Your instructions >>
Lines from the one containing "Image of CHDITB" through the last line of the material below: print these exactly, and only these.

Data shown >>
-*-*-
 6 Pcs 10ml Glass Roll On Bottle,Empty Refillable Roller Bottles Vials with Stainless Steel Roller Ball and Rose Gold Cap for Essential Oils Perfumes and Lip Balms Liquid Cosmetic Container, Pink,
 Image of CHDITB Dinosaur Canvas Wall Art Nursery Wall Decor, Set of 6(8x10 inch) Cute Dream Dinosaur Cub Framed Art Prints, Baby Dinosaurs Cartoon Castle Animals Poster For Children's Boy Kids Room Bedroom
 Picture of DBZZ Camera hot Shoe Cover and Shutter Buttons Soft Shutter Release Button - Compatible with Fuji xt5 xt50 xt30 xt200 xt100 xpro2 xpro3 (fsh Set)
-*-*-
Exercise response >>
 Image of CHDITB Dinosaur Canvas Wall Art Nursery Wall Decor, Set of 6(8x10 inch) Cute Dream Dinosaur Cub Framed Art Prints, Baby Dinosaurs Cartoon Castle Animals Poster For Children's Boy Kids Room Bedroom
 Picture of DBZZ Camera hot Shoe Cover and Shutter Buttons Soft Shutter Release Button - Compatible with Fuji xt5 xt50 xt30 xt200 xt100 xpro2 xpro3 (fsh Set)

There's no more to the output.